This week has been the hottest week for pigs in production facilities in the upper Midwest for this summer. While I wrote last week about the sale weight impacts of summer heat, I did not address many of the common mistakes producers and contract growers make in applying management strategies to keep pigs cool.
On Wednesday I was in the wean-finish barns of a modest sized production system. All of these barns house 2450 pigs per room and are generally 70 ft wide. At all of the sites, there were 2 rows of ‘misters’, whether the facility was a large pen design or small pen design.
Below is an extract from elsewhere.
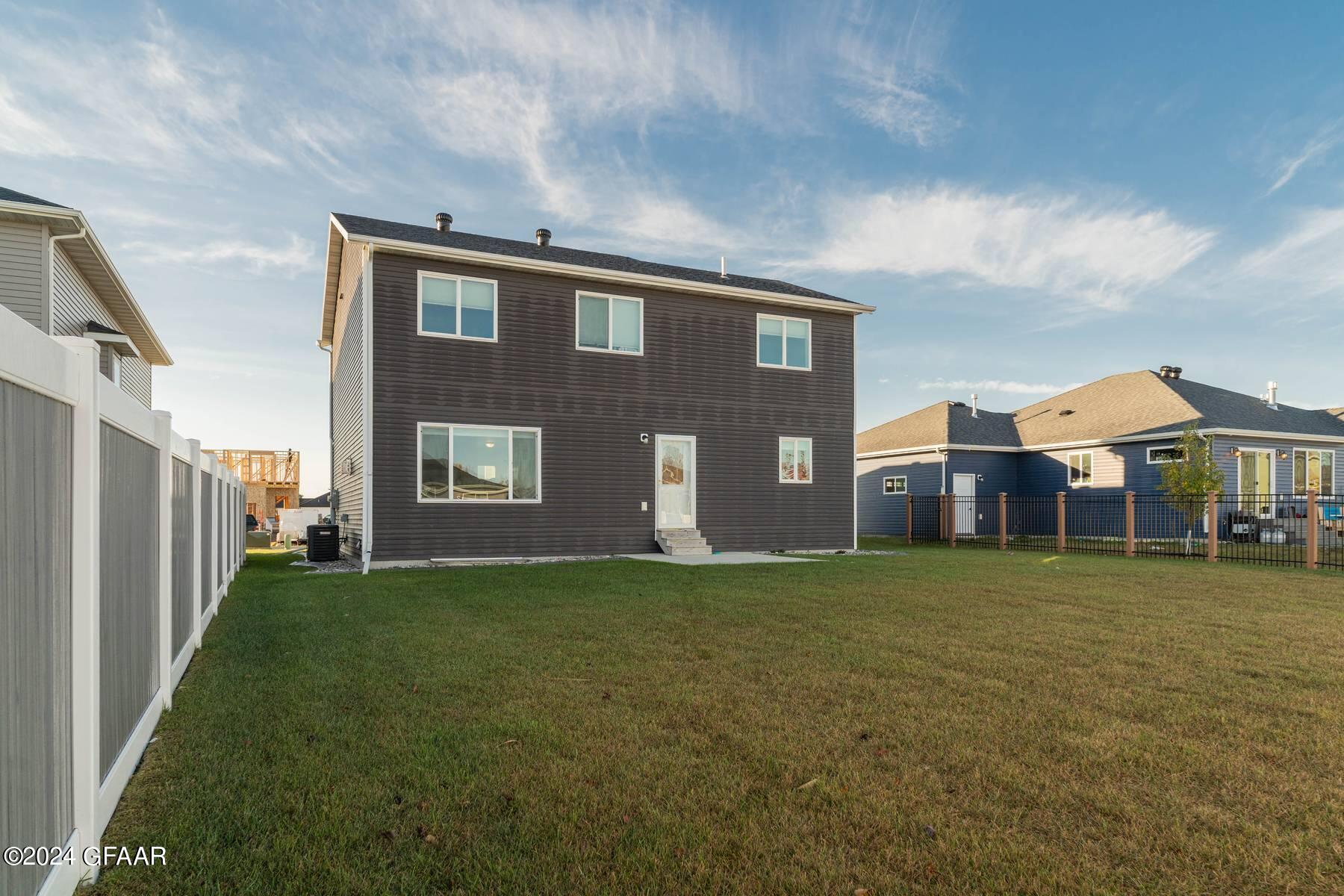 486 PLYMOUTH Lane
At the last stop of the day we spent time observing pig behavior as the ‘misters’ cycled on and off. At sites earlier in the day we had talked about options to increase the area of coverage in a pen, but at this site with market ready pigs the lack of coverage was obvious.
In the barn it occurred to me that we always had 2 rows of ‘misters’ when our barns were 40 ft wide. Now 70 ft wide facilities are common and the barns in this system were still only providing 2 rows of misters. With a ‘mister’ above every pen they’ve gone from providing a one ‘mister’ per 25-27 pigs to providing one ‘mister’ per 45-47 pigs. As we watched pigs fight to get under the ‘mister’ it became obvious where the production limit in the barn was this week.
By now you should have noted that I have quotation marks around ‘mister’. In the barns yesterday the nozzles installed put out a semi-fine mist. Even with a 2 minute ON time, a majority of the pigs that could access the wet area of the pen only had the hair on their bodies wet. As we went through pens and rubbed pigs, many of the pigs that were under the ‘misters’ had a skin surface that wasn’t very wet.
The goal of wetting the pigs should be to get the water down on the skin, not setting on the hairs of the pig above the skin surface. This takes large droplet sizes. Data from Kansas State University more than 30 years ago demonstrated that while ‘misting’ pigs is better than doing nothing, it is not nearly as effective as ensuring the water reaches the skin surface so that the pig cools by evaporating the water.
Our experiences yesterday reconfirmed the need to install the correct equipment in grow-finish facilities to assist the pig with cooling during days and nights such as we’re experiencing this week. Strive for 50- 60% pen coverage with your water additions and make the droplet size large enough to reach the skin surface. While the mist may ‘feel good’ to us, our concern should be the appropriate conditions to help the pig in the housing arena we provide.
You also need to review your controller settings. In many of the production facilities yesterday the controllers were set to turn off the water additions at 10 pm and begin wetting again at 6 am. Barns are still very hot at 10 pm. I generally recommend wetting pigs until 1-2 am. You don’t need to start at 6 am as that is when the daily lows occur for air temperature. Again – the cooling mechanisms we provide for growing pigs need to match the conditions and timing of when the heat relief is needed.